You're really full of those cow chips. Liability caps exist because that is how insurance works. I am really wondering if you are old enough to have to have paid for any kind of insurance policy on your own. If you have, you will know that any kind of policy has liability limits.

Now, I am wondering if you know why that is. Probably not, so I will tell you. Aside from the nuclear industry and banking, insurance is probably the most highly regulated industry. They must prove cash reserves of an amount sufficient to cover claims for casualty losses in any kind of reasonable payout scenario. The only way to assure this is to cap liability at some measurable amount. If you write a policy without a liability limit, you'd have to prove infinite cash reserves. Good luck with that.

So, what do you do? When the Price-Anderson structure was established, the authors of the Act based their model exactly as insurance liability has always been established. Estimate the probability of a casualty loss occurring and the likely liability payouts from that, build in a conservative margin, and establish the limits, allowing for an estimated total liability exposure for the total number of insured. The liability pool size is adjusted based on updated data, the changes in probabilities of various incidents, and changes in estimated values of insured property. This is exactly how it is done for "ordinary" insurance. My homeowners policy was just adjusted at year-end to allow for changes in the property value, so I pay a few dollars more a year in premium.

For those who aren't aware, P-A caps liability at approximately $9.5 billion -- which is ridiculously low in case of a major accident.

Horse chips. Do what I have done. First, start with the typical inventory of fuel in an LWR core. Then, estimate the fission product inventory based on equilibrium core burnup. Then, postulate the maximum credible accident, something like a twin-break LOCA and rapid blowdown and core uncovering. Next, based on reasonable heat transfer models, estimate total release into containment. Then, taking reasonable credit for radionuclide removal by decay, plate-out and wash-out, settling, and filtration, estimate the effluent release. This defines the source term. Next, apply a reasonable dispersion model, which will have in its kernel a decent meteorological model, as well as pathway models for radionuclide transport. Finally, apply this to the likely long-term property losses within the EPZ. You'll find that the liability limits for even the worst-case (facilities with relatively dense developments within their EPZ), are more than adequate.

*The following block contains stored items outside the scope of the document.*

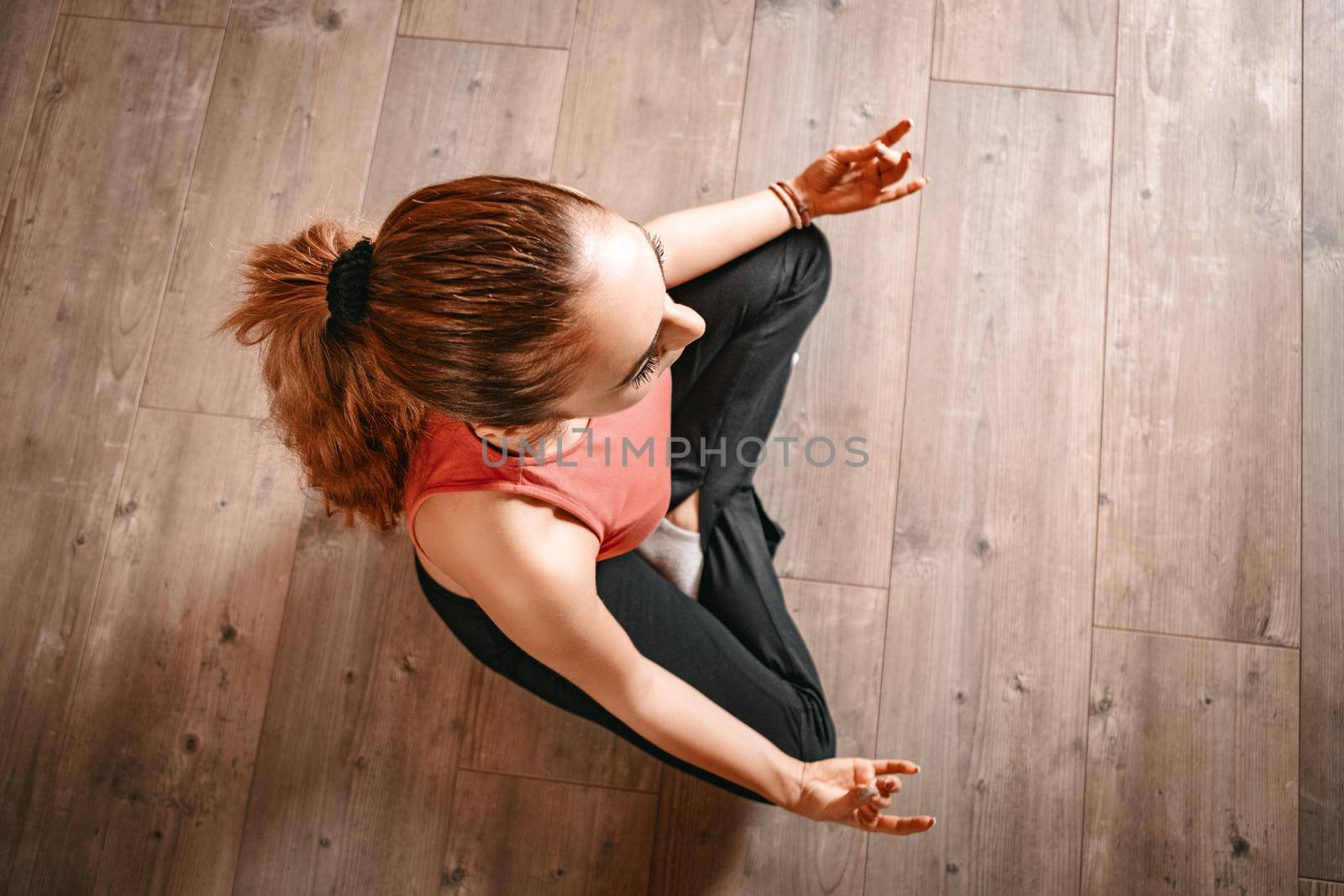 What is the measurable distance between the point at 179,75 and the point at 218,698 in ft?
3.40

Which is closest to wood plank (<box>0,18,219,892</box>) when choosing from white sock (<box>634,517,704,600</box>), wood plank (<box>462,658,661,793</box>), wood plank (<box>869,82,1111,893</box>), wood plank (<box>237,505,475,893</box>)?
wood plank (<box>237,505,475,893</box>)

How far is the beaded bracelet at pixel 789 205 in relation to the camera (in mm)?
1163

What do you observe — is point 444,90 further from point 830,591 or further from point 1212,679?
point 1212,679

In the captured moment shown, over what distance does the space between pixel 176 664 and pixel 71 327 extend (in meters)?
0.57

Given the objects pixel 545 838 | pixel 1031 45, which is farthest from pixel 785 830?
pixel 1031 45

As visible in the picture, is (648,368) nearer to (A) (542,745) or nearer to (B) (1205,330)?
(A) (542,745)

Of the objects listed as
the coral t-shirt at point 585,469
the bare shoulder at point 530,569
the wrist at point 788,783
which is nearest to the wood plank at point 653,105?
the coral t-shirt at point 585,469

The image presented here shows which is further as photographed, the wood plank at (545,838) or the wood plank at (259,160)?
the wood plank at (259,160)

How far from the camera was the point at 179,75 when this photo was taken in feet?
4.75

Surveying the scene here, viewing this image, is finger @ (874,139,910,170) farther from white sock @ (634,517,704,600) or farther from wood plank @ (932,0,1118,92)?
white sock @ (634,517,704,600)

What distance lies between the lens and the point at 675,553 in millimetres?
1125

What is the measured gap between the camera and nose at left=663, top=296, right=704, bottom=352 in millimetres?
774

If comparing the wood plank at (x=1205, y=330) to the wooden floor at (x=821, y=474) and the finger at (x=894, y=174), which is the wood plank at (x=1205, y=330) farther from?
the finger at (x=894, y=174)

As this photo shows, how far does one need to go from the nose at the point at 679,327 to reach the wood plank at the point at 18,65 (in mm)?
1313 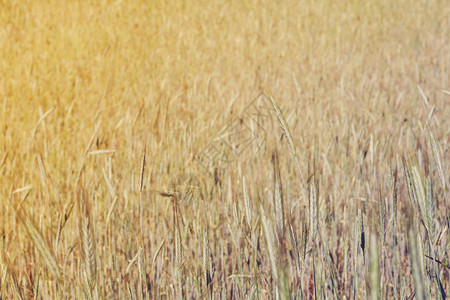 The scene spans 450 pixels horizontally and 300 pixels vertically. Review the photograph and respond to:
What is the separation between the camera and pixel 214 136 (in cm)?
158

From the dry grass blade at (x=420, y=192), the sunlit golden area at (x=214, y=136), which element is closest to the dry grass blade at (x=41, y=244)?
the sunlit golden area at (x=214, y=136)

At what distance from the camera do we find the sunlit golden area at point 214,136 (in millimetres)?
878

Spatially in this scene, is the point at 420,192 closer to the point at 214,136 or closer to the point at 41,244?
the point at 41,244

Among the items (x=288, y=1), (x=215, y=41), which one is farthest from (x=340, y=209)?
(x=288, y=1)

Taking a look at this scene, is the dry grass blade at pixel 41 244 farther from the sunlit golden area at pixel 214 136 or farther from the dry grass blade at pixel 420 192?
the dry grass blade at pixel 420 192

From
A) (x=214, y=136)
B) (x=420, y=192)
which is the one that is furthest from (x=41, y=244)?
(x=214, y=136)

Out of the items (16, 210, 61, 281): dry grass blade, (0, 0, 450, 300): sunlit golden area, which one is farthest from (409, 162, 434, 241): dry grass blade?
(16, 210, 61, 281): dry grass blade

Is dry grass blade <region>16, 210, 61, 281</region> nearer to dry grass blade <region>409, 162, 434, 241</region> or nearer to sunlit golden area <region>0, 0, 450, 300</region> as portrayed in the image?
sunlit golden area <region>0, 0, 450, 300</region>

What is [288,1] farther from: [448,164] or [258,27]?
[448,164]

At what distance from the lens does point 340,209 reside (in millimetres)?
1369

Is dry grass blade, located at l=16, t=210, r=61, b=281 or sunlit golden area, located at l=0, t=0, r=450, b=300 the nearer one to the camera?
dry grass blade, located at l=16, t=210, r=61, b=281

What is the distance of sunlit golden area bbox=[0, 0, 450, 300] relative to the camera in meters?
0.88

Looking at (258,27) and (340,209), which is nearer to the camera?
(340,209)

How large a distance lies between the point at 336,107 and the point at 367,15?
2.29 m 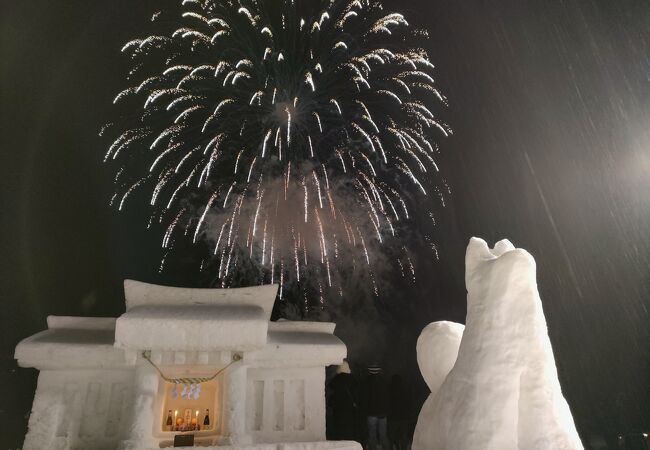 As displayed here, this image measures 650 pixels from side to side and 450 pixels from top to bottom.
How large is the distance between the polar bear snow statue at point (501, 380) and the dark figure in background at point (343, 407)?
36.6ft

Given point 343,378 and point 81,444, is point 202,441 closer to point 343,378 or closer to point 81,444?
point 81,444

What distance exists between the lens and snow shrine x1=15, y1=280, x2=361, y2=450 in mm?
9172

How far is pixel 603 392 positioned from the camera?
19.3 m

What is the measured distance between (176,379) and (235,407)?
1502mm

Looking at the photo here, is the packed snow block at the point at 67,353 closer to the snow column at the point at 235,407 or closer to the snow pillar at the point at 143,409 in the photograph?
the snow pillar at the point at 143,409

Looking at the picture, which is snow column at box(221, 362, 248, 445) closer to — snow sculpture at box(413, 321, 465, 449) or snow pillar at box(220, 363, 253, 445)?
snow pillar at box(220, 363, 253, 445)

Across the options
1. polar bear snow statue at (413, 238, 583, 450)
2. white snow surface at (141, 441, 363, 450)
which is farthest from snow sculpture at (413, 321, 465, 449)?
white snow surface at (141, 441, 363, 450)

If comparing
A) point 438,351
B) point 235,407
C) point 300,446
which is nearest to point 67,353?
point 235,407

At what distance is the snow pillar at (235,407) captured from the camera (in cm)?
921

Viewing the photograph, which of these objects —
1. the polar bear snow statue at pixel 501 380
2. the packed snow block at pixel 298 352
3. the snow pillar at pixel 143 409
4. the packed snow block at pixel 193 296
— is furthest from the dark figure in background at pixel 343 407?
the polar bear snow statue at pixel 501 380

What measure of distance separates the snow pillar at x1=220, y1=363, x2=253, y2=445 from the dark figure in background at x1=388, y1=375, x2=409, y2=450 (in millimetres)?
7373

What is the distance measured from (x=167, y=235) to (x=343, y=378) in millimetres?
10613

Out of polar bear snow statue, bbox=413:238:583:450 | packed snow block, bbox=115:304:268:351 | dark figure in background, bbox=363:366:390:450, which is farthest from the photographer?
dark figure in background, bbox=363:366:390:450

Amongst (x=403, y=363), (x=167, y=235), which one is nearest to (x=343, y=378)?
(x=403, y=363)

I agree that such an accident is extremely unlikely -- but given that this is true, then the premiums for the necessary coverage would be equally low. P-A was enacted in the 1950s, as a subsidy for an experimental, uncertain technology. That technology is no longer uncertainty; it is mature and fully integrated into the market. There is no longer any possible justification for a government handout like P-A -- especially in an industry (electricity generation) that generally enjoys a guaranteed profit margin.

Sigh. One more time. P-A is not a government handout. Participants pay their way. In fact, it is one of those rare government programs (aside from confiscatory taxation) that actually makes money for the government. That, IMO, is probably the reason they want to keep it.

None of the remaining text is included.